> **Provided material**:
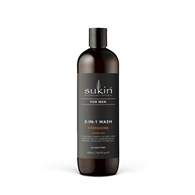 Sukin, FOR MEN, Energetyzujący żel do mycia ciała i włosów 3 w 1 dla mężczyzn, 500 ml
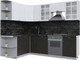 Миниатюра изображения товара Кухонный гарнитур Интерлиния Берес 1.7x2.5 левая (дуб английский/дуб полярный/кастилло темный)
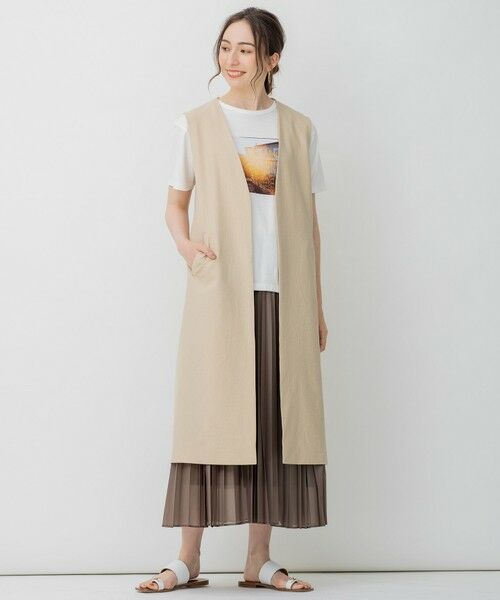 L size ONWARD(大きいサイズ) / エルサイズオンワード カットソー | 旅するフォト Tシャツ | 詳細10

> **Assignment**:
Print the material above verbatim, no images.

> **Output**:
 Sukin, FOR MEN, Energetyzujący żel do mycia ciała i włosów 3 w 1 dla mężczyzn, 500 ml
 Миниатюра изображения товара Кухонный гарнитур Интерлиния Берес 1.7x2.5 левая (дуб английский/дуб полярный/кастилло темный)
 L size ONWARD(大きいサイズ) / エルサイズオンワード カットソー | 旅するフォト Tシャツ | 詳細10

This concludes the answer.